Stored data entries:
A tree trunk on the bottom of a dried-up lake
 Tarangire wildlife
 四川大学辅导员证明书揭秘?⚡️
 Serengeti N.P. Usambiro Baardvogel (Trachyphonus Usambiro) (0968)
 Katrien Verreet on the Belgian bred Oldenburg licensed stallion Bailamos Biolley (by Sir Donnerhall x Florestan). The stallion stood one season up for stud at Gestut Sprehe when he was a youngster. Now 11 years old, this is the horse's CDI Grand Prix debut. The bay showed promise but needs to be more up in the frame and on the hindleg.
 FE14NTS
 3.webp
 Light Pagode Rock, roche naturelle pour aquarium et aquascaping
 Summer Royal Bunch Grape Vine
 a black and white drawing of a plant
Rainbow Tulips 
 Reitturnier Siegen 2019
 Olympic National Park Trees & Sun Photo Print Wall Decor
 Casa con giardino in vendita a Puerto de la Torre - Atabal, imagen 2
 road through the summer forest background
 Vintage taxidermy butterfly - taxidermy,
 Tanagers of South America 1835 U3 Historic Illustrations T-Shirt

What you have to do:
What is wanted is every line from the first line of the entries through the line that contains "Serengeti N.P. Usambiro", given again exactly.

Solution for this task:
A tree trunk on the bottom of a dried-up lake
 Tarangire wildlife
 四川大学辅导员证明书揭秘?⚡️
 Serengeti N.P. Usambiro Baardvogel (Trachyphonus Usambiro) (0968)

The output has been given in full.